[R] Conservative "ANOVA tables" in lmer

[Martin Maechler]

>>>>> "DB" == Douglas Bates <bates at stat.wisc.edu>
>>>>>     on Thu, 7 Sep 2006 07:59:58 -0500 writes:

    DB> Thanks for your summary, Hank.
    DB> On 9/7/06, Martin Henry H. Stevens <hstevens at muohio.edu> wrote:
    >> Dear lmer-ers,
    >> My thanks for all of you who are sharing your trials and tribulations
    >> publicly.

    >> I was hoping to elicit some feedback on my thoughts on denominator
    >> degrees of freedom for F ratios in mixed models.
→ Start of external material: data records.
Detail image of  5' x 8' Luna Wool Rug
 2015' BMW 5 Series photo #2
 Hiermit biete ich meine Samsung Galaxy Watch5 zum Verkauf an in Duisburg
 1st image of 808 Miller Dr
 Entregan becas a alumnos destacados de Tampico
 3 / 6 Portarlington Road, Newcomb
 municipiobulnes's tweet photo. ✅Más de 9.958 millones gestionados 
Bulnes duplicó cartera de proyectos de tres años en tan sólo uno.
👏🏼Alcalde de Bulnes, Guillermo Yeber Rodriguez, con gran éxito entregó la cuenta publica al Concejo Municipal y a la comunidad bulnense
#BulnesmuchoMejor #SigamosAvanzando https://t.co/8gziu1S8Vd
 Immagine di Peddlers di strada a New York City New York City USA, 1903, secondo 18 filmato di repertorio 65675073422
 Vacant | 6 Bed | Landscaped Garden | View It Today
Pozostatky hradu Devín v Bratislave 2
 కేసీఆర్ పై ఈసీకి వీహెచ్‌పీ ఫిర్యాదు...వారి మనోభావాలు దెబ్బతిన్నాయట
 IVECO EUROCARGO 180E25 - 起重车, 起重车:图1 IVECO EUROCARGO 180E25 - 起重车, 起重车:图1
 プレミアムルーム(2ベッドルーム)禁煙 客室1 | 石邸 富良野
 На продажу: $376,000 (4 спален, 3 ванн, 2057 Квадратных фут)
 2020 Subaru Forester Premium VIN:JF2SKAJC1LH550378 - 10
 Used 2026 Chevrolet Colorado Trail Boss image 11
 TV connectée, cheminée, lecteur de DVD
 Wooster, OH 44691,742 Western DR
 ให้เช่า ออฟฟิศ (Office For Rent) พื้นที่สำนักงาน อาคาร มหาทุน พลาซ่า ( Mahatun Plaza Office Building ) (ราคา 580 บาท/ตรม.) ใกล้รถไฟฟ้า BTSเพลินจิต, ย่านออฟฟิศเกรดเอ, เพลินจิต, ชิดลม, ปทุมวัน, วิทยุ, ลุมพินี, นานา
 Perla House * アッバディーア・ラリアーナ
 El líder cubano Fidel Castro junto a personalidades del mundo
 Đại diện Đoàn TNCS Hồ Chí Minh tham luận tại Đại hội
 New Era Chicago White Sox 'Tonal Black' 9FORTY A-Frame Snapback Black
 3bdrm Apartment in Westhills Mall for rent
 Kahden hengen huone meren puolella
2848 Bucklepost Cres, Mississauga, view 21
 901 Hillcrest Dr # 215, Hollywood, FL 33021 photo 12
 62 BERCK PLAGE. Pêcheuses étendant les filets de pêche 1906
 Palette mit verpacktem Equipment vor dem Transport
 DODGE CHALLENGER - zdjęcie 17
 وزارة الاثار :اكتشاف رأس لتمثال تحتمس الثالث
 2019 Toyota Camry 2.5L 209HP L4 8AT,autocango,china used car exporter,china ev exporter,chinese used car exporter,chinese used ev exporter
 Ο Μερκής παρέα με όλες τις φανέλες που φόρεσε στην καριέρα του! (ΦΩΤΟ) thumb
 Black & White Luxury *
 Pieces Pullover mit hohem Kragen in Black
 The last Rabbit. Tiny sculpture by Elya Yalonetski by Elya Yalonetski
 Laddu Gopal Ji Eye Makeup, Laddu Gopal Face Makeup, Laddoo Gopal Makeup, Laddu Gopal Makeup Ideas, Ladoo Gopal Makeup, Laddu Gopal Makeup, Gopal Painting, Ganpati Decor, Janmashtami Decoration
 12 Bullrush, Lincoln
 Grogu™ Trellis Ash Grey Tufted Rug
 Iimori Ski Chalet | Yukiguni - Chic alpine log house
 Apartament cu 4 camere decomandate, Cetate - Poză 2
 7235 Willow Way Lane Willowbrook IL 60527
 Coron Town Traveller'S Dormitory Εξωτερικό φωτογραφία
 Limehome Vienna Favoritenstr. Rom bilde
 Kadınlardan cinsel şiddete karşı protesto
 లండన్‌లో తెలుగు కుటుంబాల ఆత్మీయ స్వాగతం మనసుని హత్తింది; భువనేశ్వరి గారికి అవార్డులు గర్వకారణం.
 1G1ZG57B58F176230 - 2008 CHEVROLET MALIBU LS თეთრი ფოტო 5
These thoughts and
    >> practices result from my reading of previous postings by Doug Bates
    >> and others.

    >> - I start by assuming that the appropriate denominator degrees lies
    >> between n - p and and n - q, where n=number of observations, p=number
    >> of fixed effects (rank of model matrix X), and q=rank of Z:X.

    DB> I agree with this but the opinion is by no means universal.  Initially
    DB> I misread the statement because I usually write the number of columns
    DB> of Z as q.

    DB> It is not easy to assess rank of Z:X numerically.  In many cases one
    DB> can reason what it should be from the form of the model but a general
    DB> procedure to assess the rank of a matrix, especially a sparse matrix,
    DB> is difficult.

    DB> An alternative which can be easily calculated is n - t where t is the
    DB> trace of the 'hat matrix'.  The function 'hatTrace' applied to a
    DB> fitted lmer model evaluates this trace (conditional on the estimates
    DB> of the relative variances of the random effects).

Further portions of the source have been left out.